The George Washington Bridge, like the Brooklyn Bridge before and the Verrazano after it, was at one time the longest in the world. The 1934 completion of civil engineer Othmar Ammann’s design signaled a moment of triumph in an otherwise dark decade.
Building bridges
The bridge was not intended to be the only one crossing the Hudson. As far back as the Gilded Age, multiple bridges were planned to span the distance between Manhattan and New Jersey. Several of these plans later came to fruition through the construction of tunnels.
Yet there is another image, perhaps one more tantalizing than that of the glow of several suspension bridges crossing the Hudson. It is architect Cass Gilbert’s 1926 drawing of a stone-clad George Washington Bridge. Rendered in a chiaroscuro haze and bathed in the light of Gatsby’s New York, the bridge as pictured rises from the cliffs of northern Manhattan. The entrance is crowned by a pair of lions, a fountain with horses spewing water towards a central sculpture of burdened giants, and nymphs emerging from the rock in the background.

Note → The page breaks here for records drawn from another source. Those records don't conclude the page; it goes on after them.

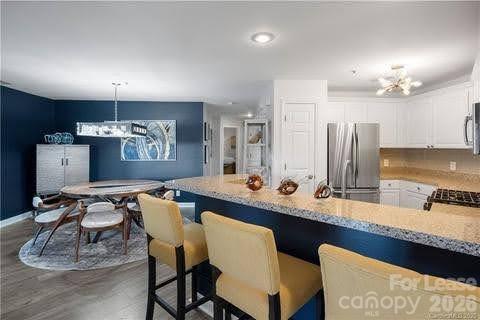 18015 Kings Point Drive L Property Photo 6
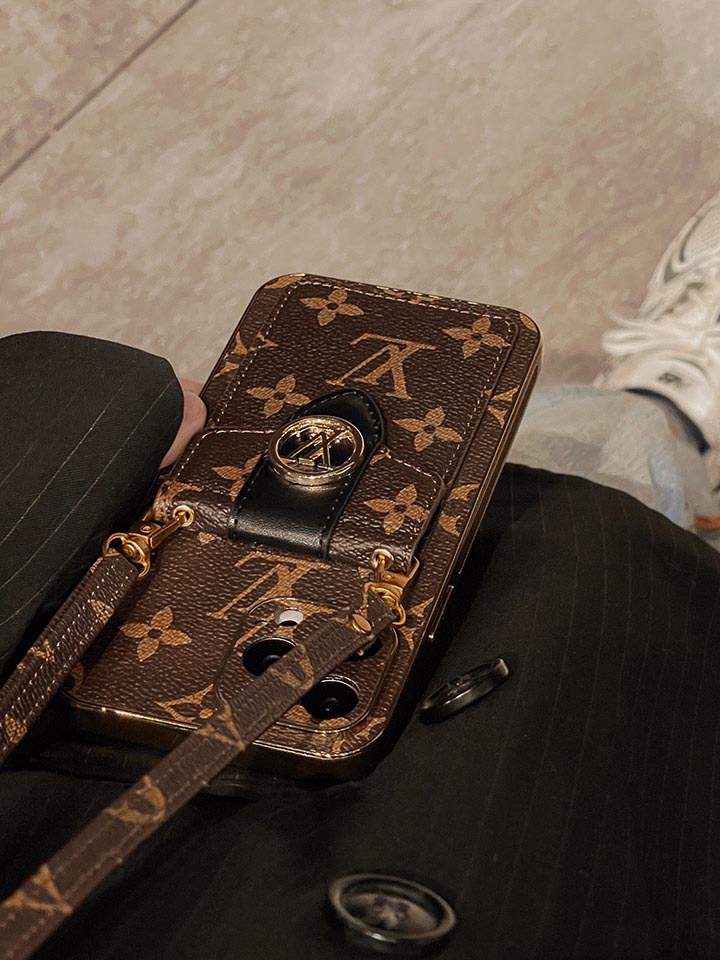 lv iphone15 ultra 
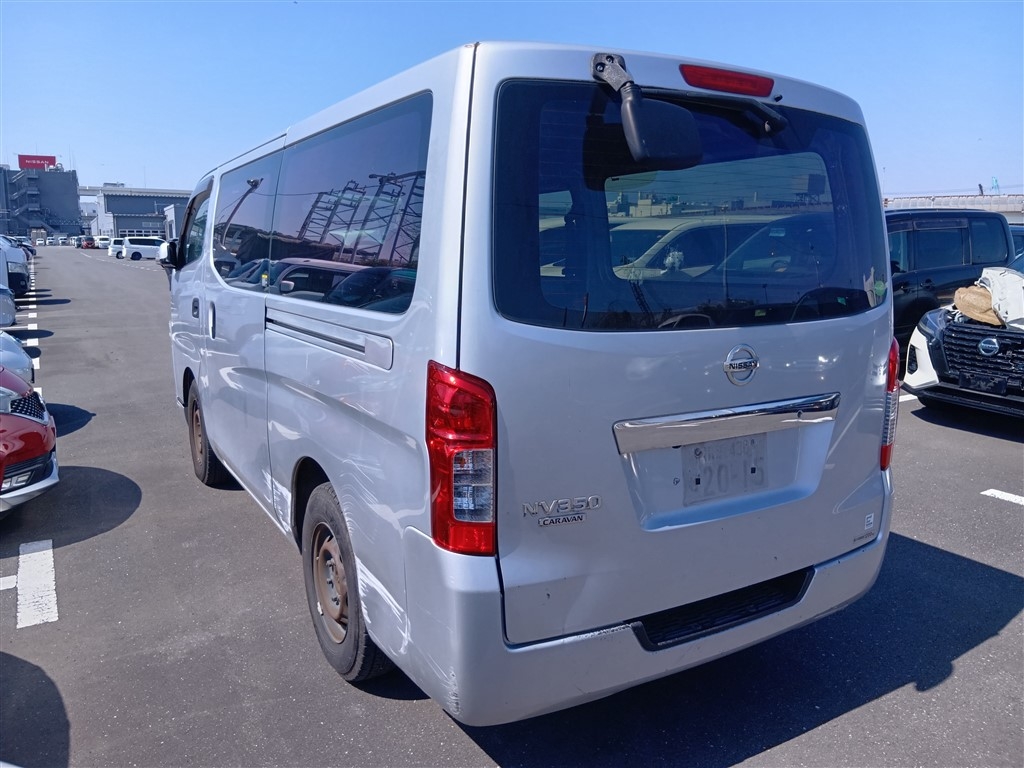 NISSAN NV350 CARAVAN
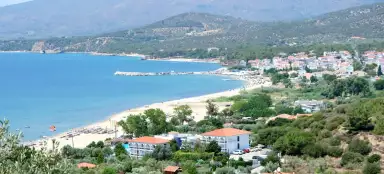 포토스에서 도보로 이동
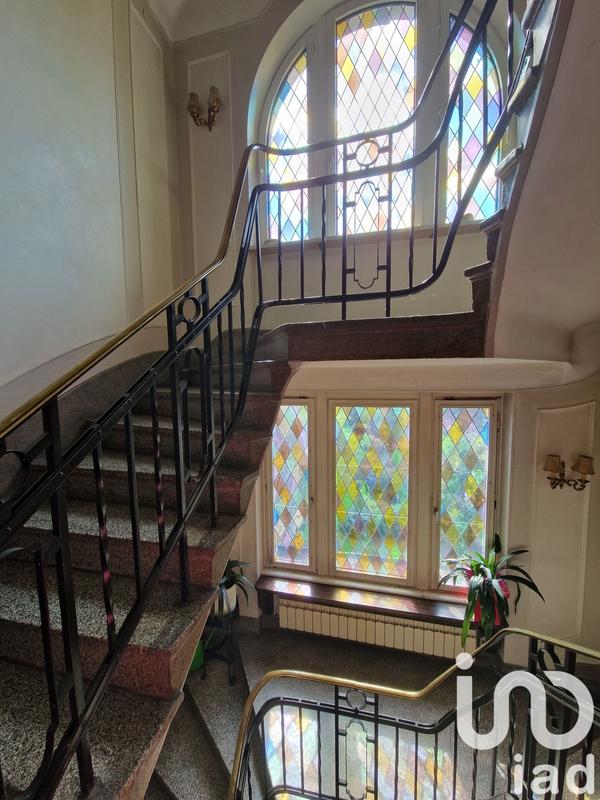 Maison - 315 m² - 20 pièces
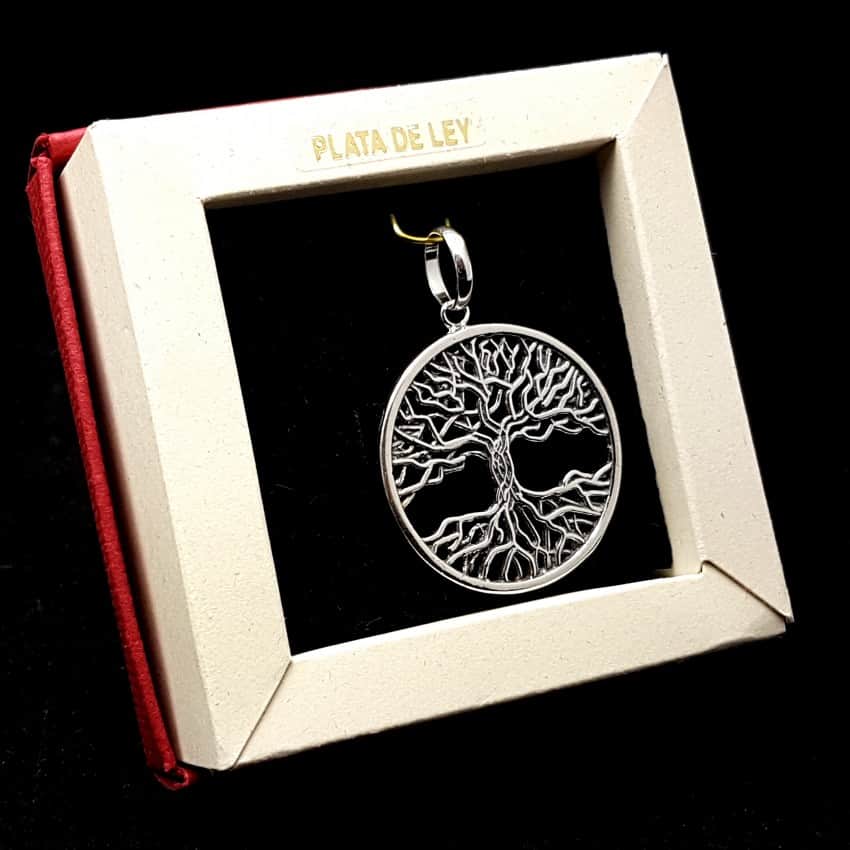 Colgante fabricado en plata con el motivo del árbol de la vida. Colgante árbol de la vida en plata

Best known for his Woolworth Building, Gilbert, working alongside engineer Amman, restrained himself when it came to the towers. Here, two immense Romanesque arches sheathed in granite recall the solid dignity of the Brooklyn Bridge.
The George Washington bridge was erected at a time when steel-and-glass construction signaled the future for engineers and architects. Freedom had finally come from the shackles of stone and superfluous moldings and indentations. Nevertheless, Gilbert, a Beaux-Arts-trained architect, decided on a grand gesture. His plans even called for a boat landing at the base of the pier, from which, he had hoped, an elevator might carry passengers to a restaurant in the sky.
End of the dream
Many dreams of New York were diminished with the onset of the Depression. Flourish and ornamentation offended a frugal age. According to The New York Times, in 1931, the bridge remained “stark and unadorned ... with a certain functional grace which makes a special appeal to the present generation.” Gilbert’s ornate designs were a thing of the past, a relic of a fading style and generation.
As the old geezer walks the bridge day by day, does he see its elegant steel construction? Does he consider the “honesty” of its structure, the unadorned steel and cables? Surely a stone-clad tower would show more cracks.
From the middle of the bridge, where the cables dip to a trough, the spires of Manhattan rise in a chaotic cluster that offends the bridge’s stern symmetry. To the north, the cliffs of the Palisades face the high green forests of Inwood and enchant the upstate passage. Stranded in this windy, beautiful place, I imagine the sublimity of the unbuilt towers that are now covered in soot and fractured granite.
The audacity of heights
The George Washington Bridge is a matter of celebration—of crossing, of connection, of movement, and, of course, that great cognitive leap that separates us from beavers and chimps.
I do not intend, of course, to detract from the beauty of the George Washington Bridge, or necessarily to insult the tenor and style of a generation afflicted by the Depression. What I am looking for, I suppose, is the awe of arrival and accomplishment. That crossing, today, is only felt by cars. The pedestrian paths are pushed aside, along narrow paths accessible only through convoluted entrances.
The stone, in truth, adds no elegance. Its arch suggests the melancholy of an architect whose world has passed, whose dreams remain in a White City that will never be. But Gilbert’s was a city of man, a celebration of his spanning the heights, and an archway appropriate to the grandeur of his arrival.
There is another drawing of Gilbert’s, which shows the design for a cable end. Beside the monstrous detail stand two men, looking out over the Hudson. An old-fashioned car awaits their continued journey in the foreground. These men have now been erased. The geezer, who I like to imagine was long ago one of the black silhouettes, now walks back and forth between the towers, forever in search of cracks.